In one example, management layer 80 may provide the functions described below. Resource provisioning 81 provides dynamic procurement of computing resources and other resources that are utilized to perform tasks within the cloud computing environment. Metering and Pricing 82 provide cost tracking as resources are utilized within the cloud computing environment, and billing or invoicing for consumption of these resources. In one example, these resources may include application software licenses. Security provides identity verification for cloud consumers and tasks, as well as protection for data and other resources. User portal 83 provides access to the cloud computing environment for consumers and system administrators. Service level management 84 provides cloud computing resource allocation and management such that required service levels are met. Service Level Agreement (SLA) planning and fulfillment 85 provide pre-arrangement for, and procurement of, cloud computing resources for which a future requirement is anticipated in accordance with an SLA.

Workloads layer 90 provides examples of functionality for which the cloud computing environment may be utilized. Examples of workloads and functions which may be provided from this layer include: mapping and navigation 91; software development and lifecycle management 92; virtual classroom education delivery 93; data analytics processing 94; transaction processing 95; and workloads and functions 96. One or more aspects of embodiments may be executed, at least in part, by workloads and functions 96. In one or more embodiments, the software 204, ranking software 262, NLP 264, generative AI engines 244, etc., can utilize, be executed as, and/or be integrated with workloads and functions 96.

Various embodiments of the present invention are described herein with reference to the related drawings. Alternative embodiments can be devised without departing from the scope of this invention. Although various connections and positional relationships (e.g., over, below, adjacent, etc.) are set forth between elements in the following description and in the drawings, persons skilled in the art will recognize that many of the positional relationships described herein are orientation-independent when the described functionality is maintained even though the orientation is changed. These connections and/or positional relationships, unless specified otherwise, can be direct or indirect, and the present invention is not intended to be limiting in this respect.

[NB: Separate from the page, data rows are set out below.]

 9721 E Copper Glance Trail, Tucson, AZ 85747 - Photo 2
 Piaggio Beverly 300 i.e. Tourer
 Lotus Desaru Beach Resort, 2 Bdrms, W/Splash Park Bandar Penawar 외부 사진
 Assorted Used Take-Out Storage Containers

Accordingly, a coupling of entities can refer to either a direct or an indirect coupling, and a positional relationship between entities can be a direct or indirect positional relationship. As an example of an indirect positional relationship, references in the present description to forming layer “A” over layer “B” include situations in which one or more intermediate layers (e.g., layer “C”) is between layer “A” and layer “B” as long as the relevant characteristics and functionalities of layer “A” and layer “B” are not substantially changed by the intermediate layer(s).

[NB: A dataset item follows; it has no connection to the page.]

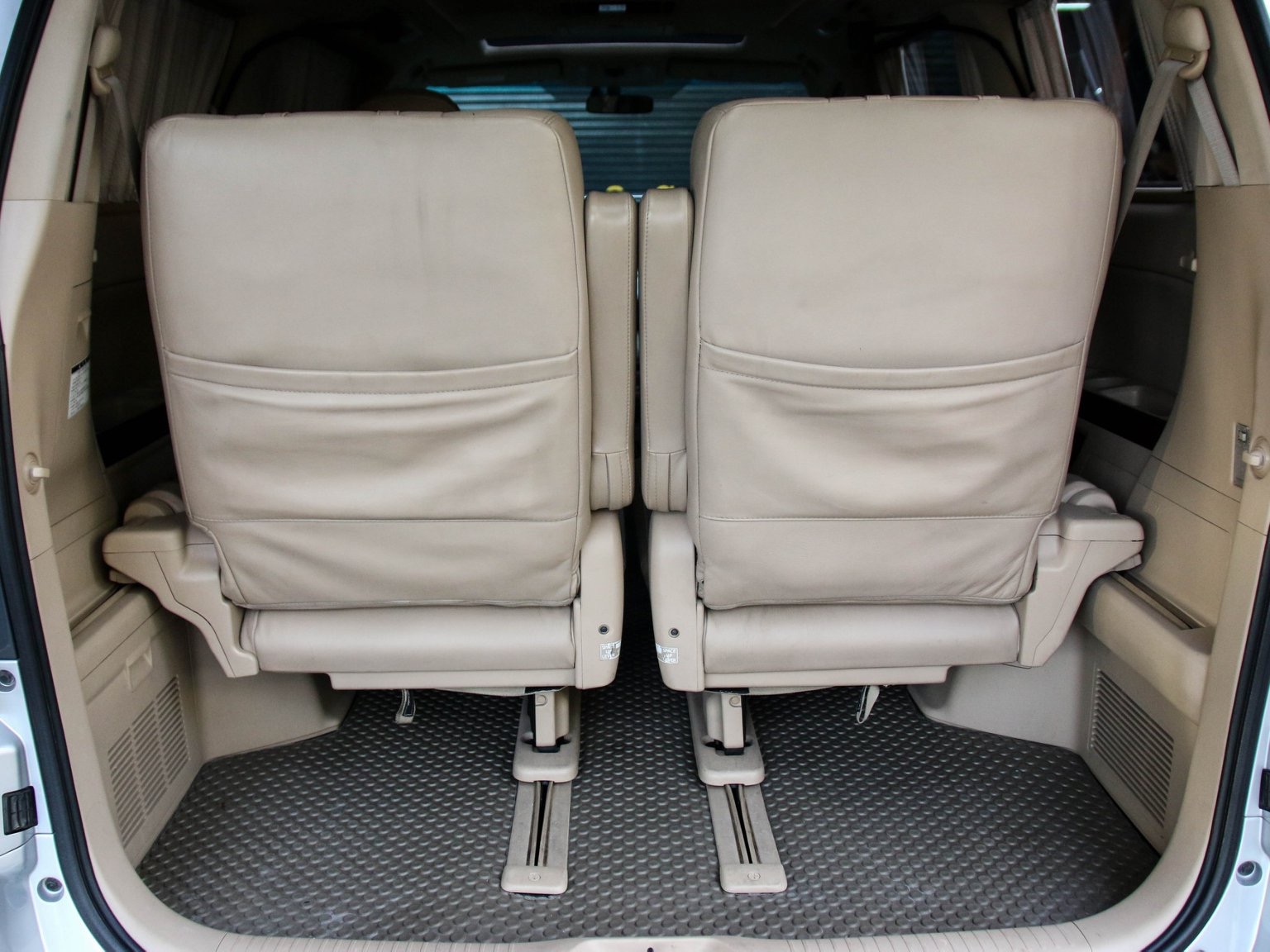 Toyota Vellfire ปี 2008 สีเงิน (รูปที่ 12)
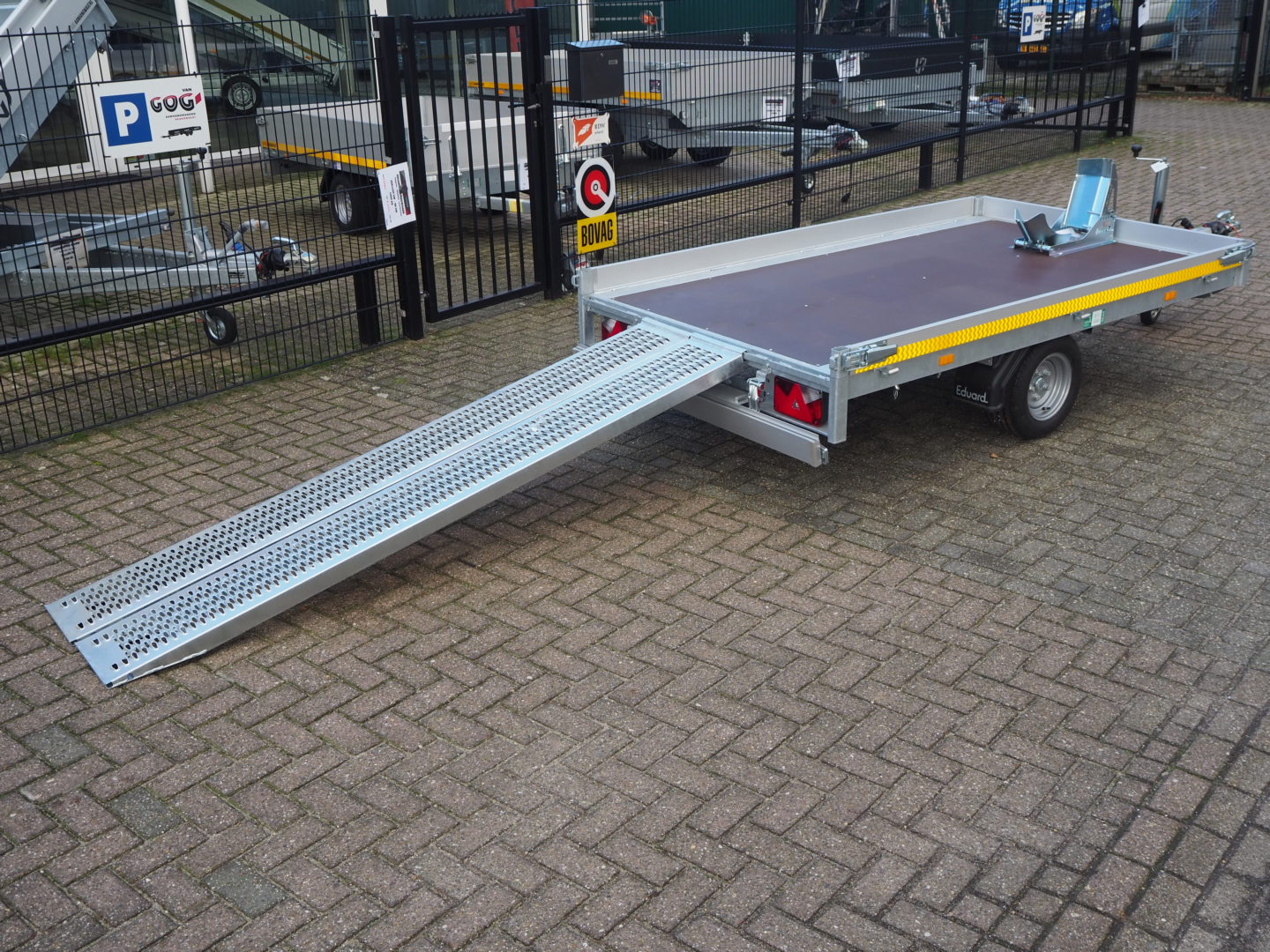 B-keuze eduard plateauwagen 256x150 1350kg 56cm oprijplaten motorsteun € 2110 voorraadnummer 75 (7)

For the sake of brevity, conventional techniques related to making and using aspects of the invention may or may not be described in detail herein. In particular, various aspects of computing systems and specific computer programs to implement the various technical features described herein are well known. Accordingly, in the interest of brevity, many conventional implementation details are only mentioned briefly herein or are omitted entirely without providing the well-known system and/or process details.

In some embodiments, various functions or acts can take place at a given location and/or in connection with the operation of one or more apparatuses or systems. In some embodiments, a portion of a given function or act can be performed at a first device or location, and the remainder of the function or act can be performed at one or more additional devices or locations.

The terminology used herein is for the purpose of describing particular embodiments only and is not intended to be limiting. As used herein, the singular forms “a”, “an” and “the” are intended to include the plural forms as well, unless the context clearly indicates otherwise. It will be further understood that the terms “comprises” and/or “comprising,” when used in this specification, specify the presence of stated features, integers, steps, operations, elements, and/or components, but do not preclude the presence or addition of one or more other features, integers, steps, operations, element components, and/or groups thereof.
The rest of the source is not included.